Stored dataset items
>>>

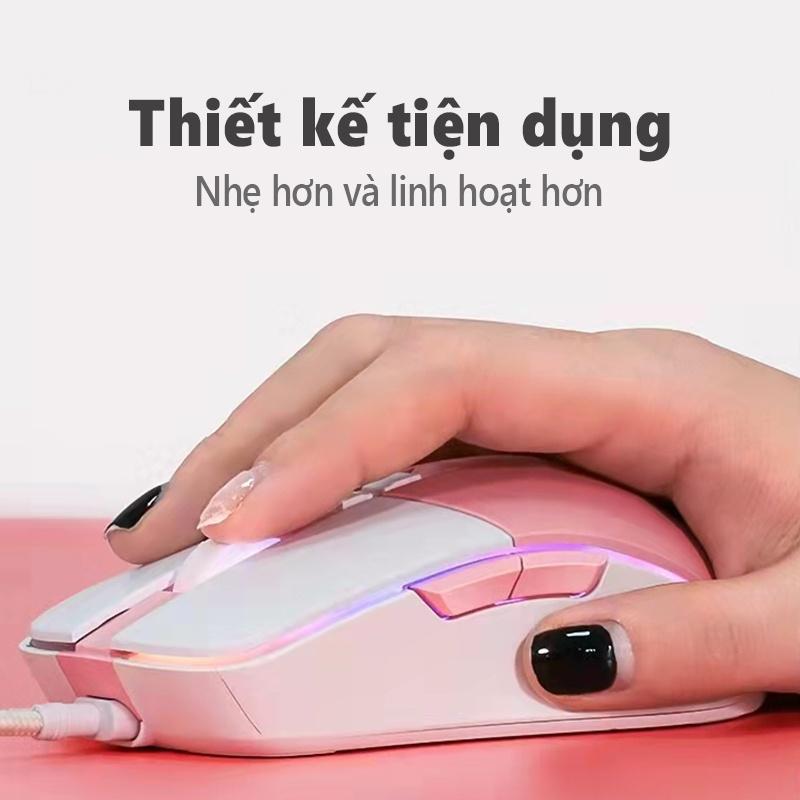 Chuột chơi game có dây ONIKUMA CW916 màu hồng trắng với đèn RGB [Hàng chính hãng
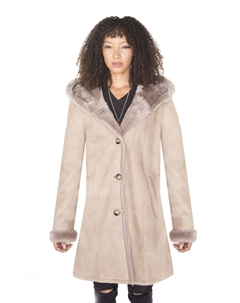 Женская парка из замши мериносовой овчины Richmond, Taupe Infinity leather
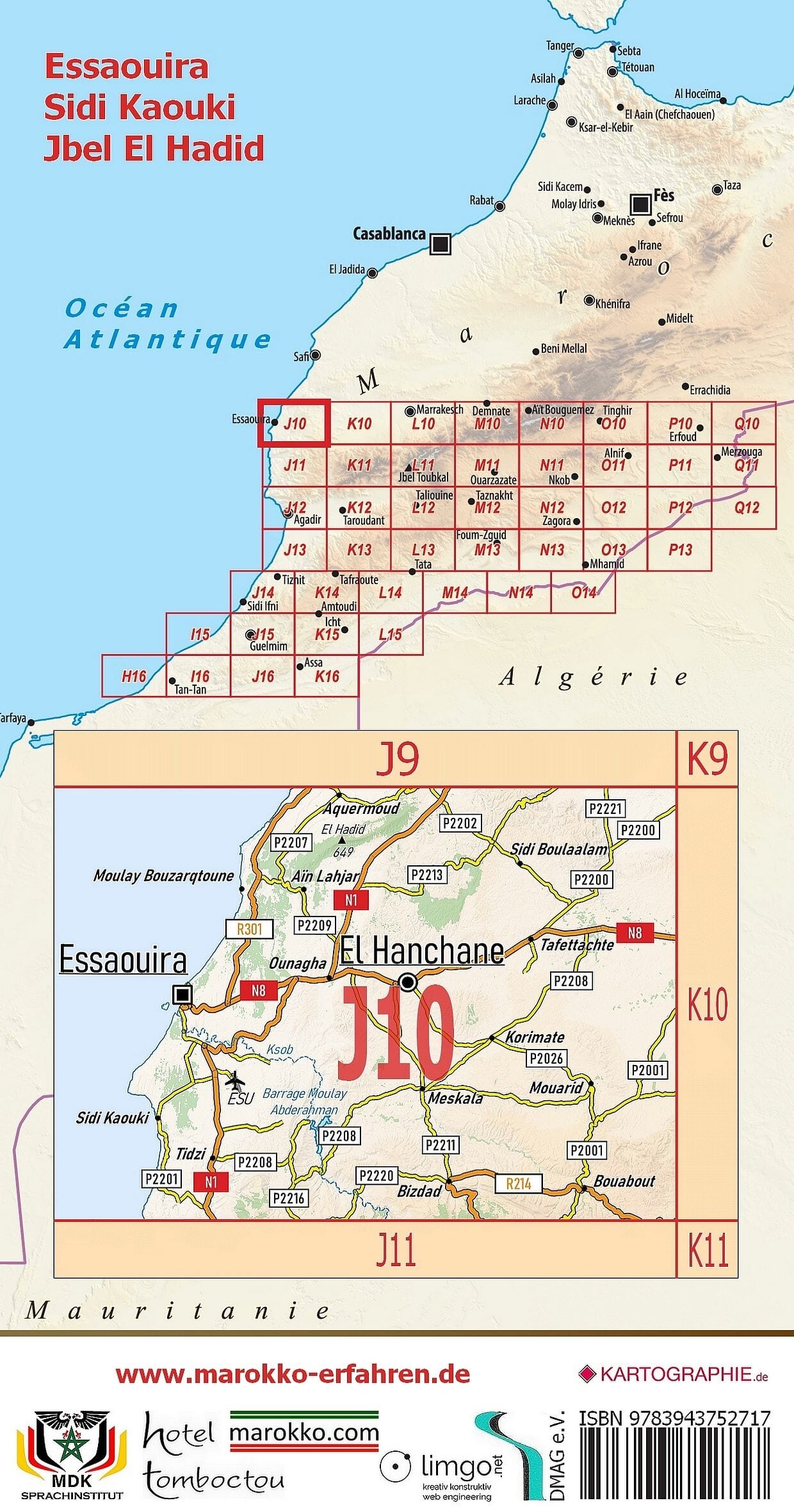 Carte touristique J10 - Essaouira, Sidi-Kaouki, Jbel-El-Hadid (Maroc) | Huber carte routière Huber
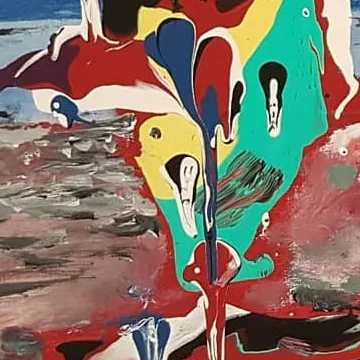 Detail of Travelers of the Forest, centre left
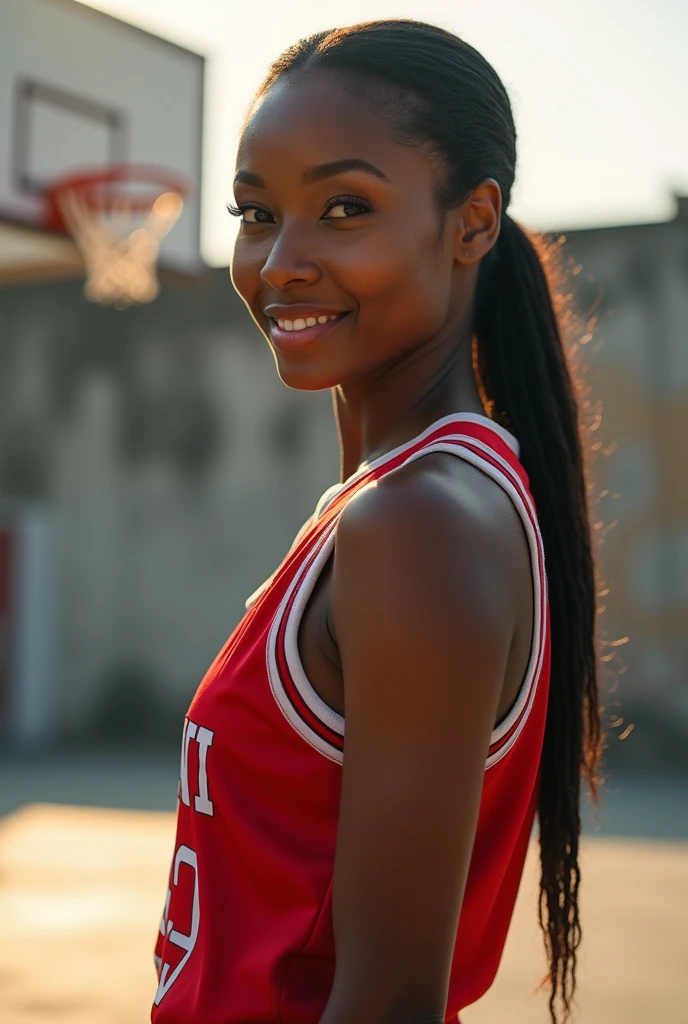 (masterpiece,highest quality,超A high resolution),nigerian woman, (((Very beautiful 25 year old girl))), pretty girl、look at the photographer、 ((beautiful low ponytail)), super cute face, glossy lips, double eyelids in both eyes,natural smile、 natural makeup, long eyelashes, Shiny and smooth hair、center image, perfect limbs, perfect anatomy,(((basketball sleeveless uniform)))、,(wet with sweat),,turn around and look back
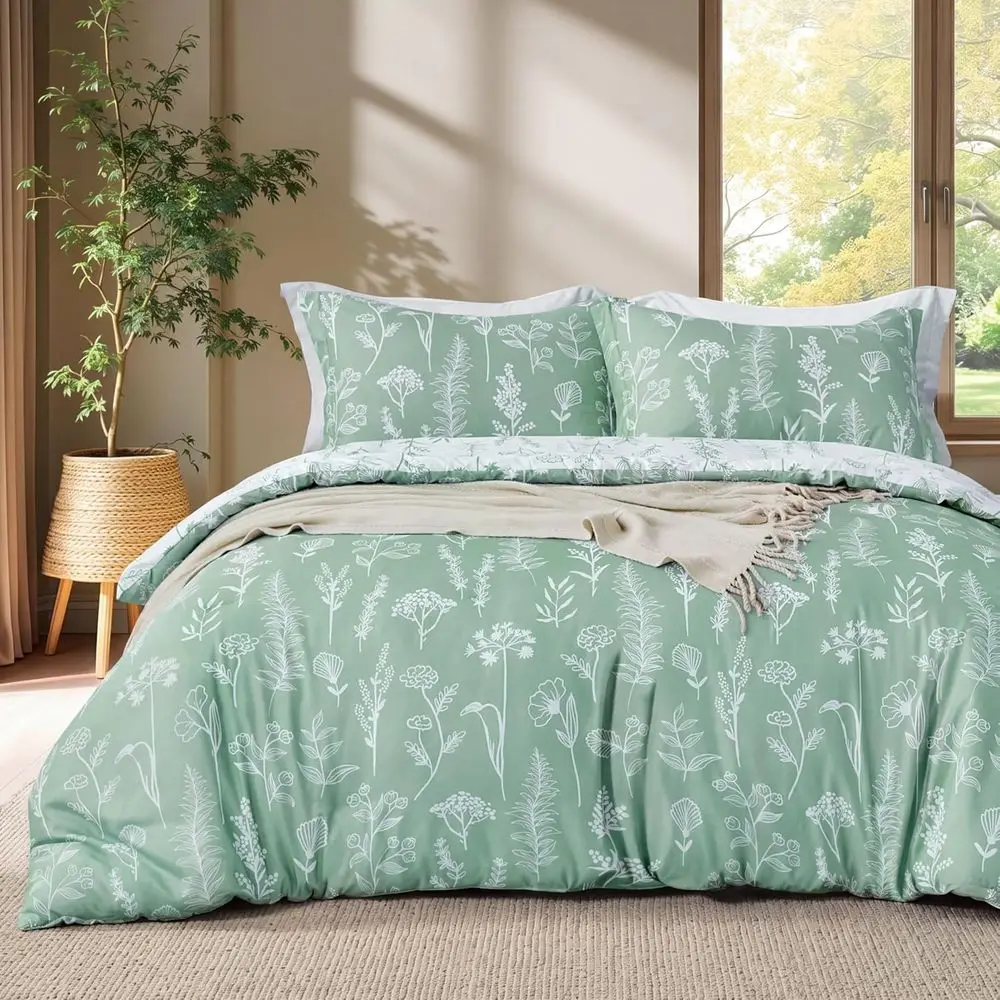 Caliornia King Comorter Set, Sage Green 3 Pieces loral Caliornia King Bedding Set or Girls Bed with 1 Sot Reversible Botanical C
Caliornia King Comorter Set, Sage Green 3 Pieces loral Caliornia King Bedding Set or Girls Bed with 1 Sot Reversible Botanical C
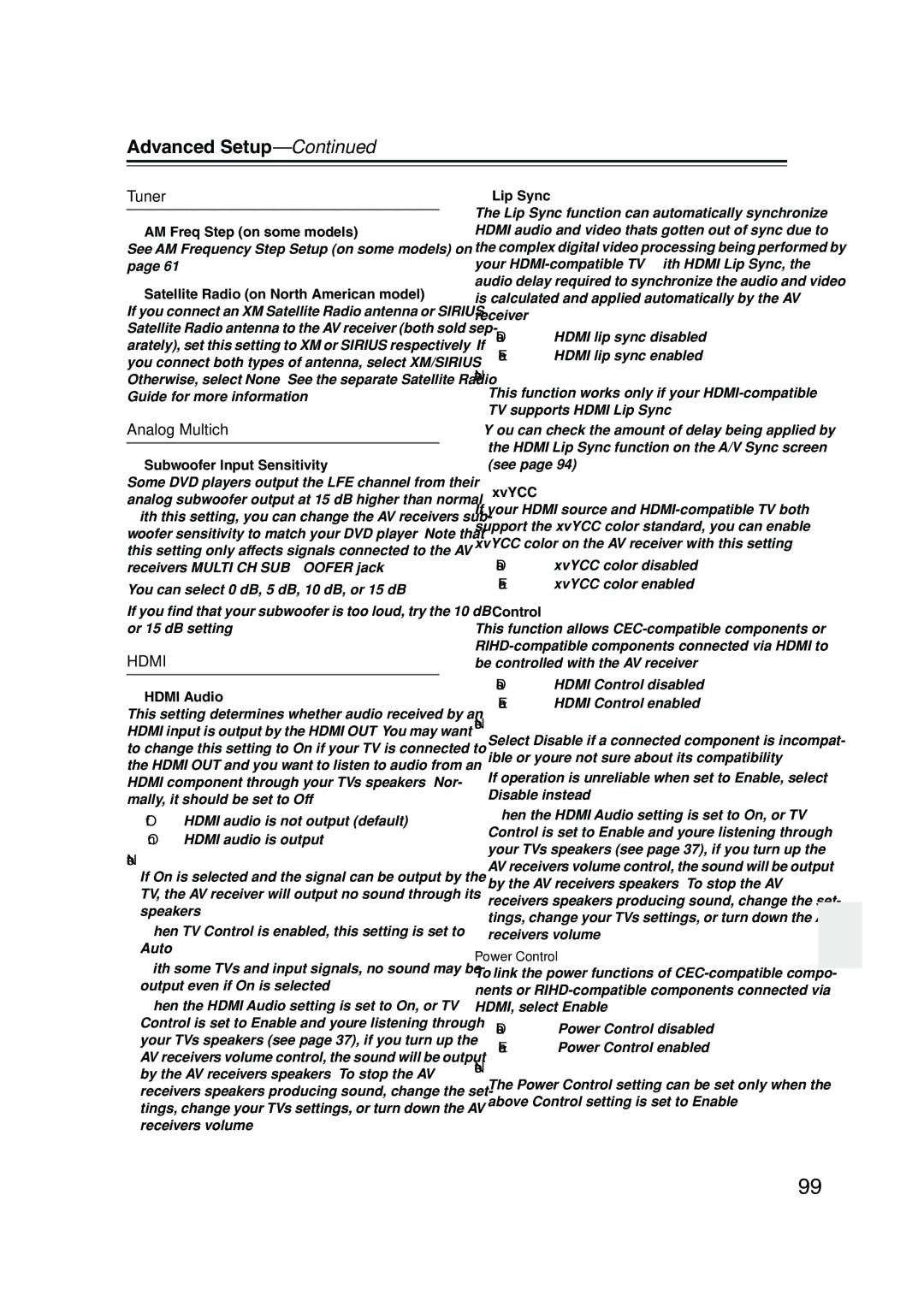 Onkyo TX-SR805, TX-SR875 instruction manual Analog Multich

<<<

_Task objective_. Repeat every record above exactly, but leave out any pictures.

_Completed task_.
 Chuột chơi game có dây ONIKUMA CW916 màu hồng trắng với đèn RGB [Hàng chính hãng
 Женская парка из замши мериносовой овчины Richmond, Taupe Infinity leather
 Carte touristique J10 - Essaouira, Sidi-Kaouki, Jbel-El-Hadid (Maroc) | Huber carte routière Huber
 Detail of Travelers of the Forest, centre left
 (masterpiece,highest quality,超A high resolution),nigerian woman, (((Very beautiful 25 year old girl))), pretty girl、look at the photographer、 ((beautiful low ponytail)), super cute face, glossy lips, double eyelids in both eyes,natural smile、 natural makeup, long eyelashes, Shiny and smooth hair、center image, perfect limbs, perfect anatomy,(((basketball sleeveless uniform)))、,(wet with sweat),,turn around and look back
 Caliornia King Comorter Set, Sage Green 3 Pieces loral Caliornia King Bedding Set or Girls Bed with 1 Sot Reversible Botanical C
Caliornia King Comorter Set, Sage Green 3 Pieces loral Caliornia King Bedding Set or Girls Bed with 1 Sot Reversible Botanical C
 Onkyo TX-SR805, TX-SR875 instruction manual Analog Multich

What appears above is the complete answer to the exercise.